Elise Scheiner Brezis, professor of Economics at Bar-Ilan University, is the director of the Azrieli Center for Economic Policy. She has been the head of the Statistics division at the Research Department in the Bank of Israel, and from 1999 to 2003, she was the President of the Israeli Association for the Study of European Integration. She holds a PhD in Economics from Massachusetts Institute of Technology (1989).

Her first works in economic history were on 18th century England and are where she developed previously nonexistent data on the balance of payments of the UK. Her research interests are related to economic growth. Her main works are in two fields: the first is the interaction between sociology and economics emphasizing the stratification of society and focusing on the elites; the second is technology, demography and economic growth. In the former, she has been on the forefront of research in the field of elites. In the latter, her most cited work dealing with technology and growth on leapfrogging in international competition, a paper on the theory of cycles in national technological leadership that she worked on with Paul Krugman, published in the American Economic Review in 1993. She is also a fellow at the Minerva Center for Growth in Jerusalem and serves on the editorial board of Cliometrica.

Brezis examines the evolution of recruitment of elites and investigates the nature of the links between recruitment of elites and economic growth.
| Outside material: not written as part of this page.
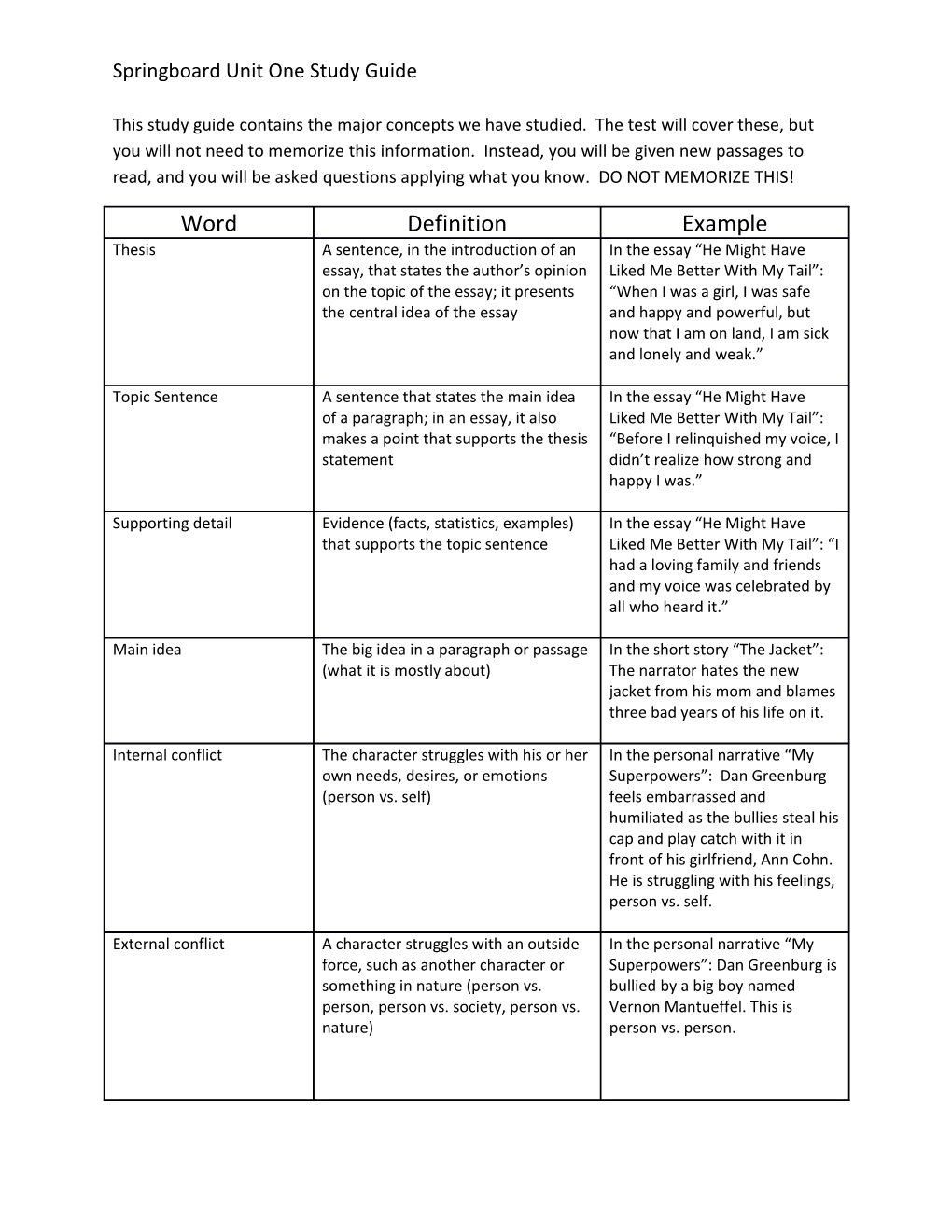 Springboard Unit One Study Guide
The main change that occurred in the way the Western world recruited its elites is that meritocracy became the basis for their recruitment. Although meritocratic selection should result in the best being chosen, she shows that meritocratic recruitment actually leads to class stratification and auto-recruitment.

Brezis's book examines the relationship between elites, minorities, and economic growth. The novelty of the book lies in its focus on the interaction between social and economic changes during economic growth.

1. In Brezis's work with Krugman, they emphasized that endogenous-growth theory suggests that technological change tends to reinforce the position of the leading nations. Yet sometimes this leadership role shifts. They suggest a mechanism that explains this pattern of 'leapfrogging' as a response to occasional major changes in technology.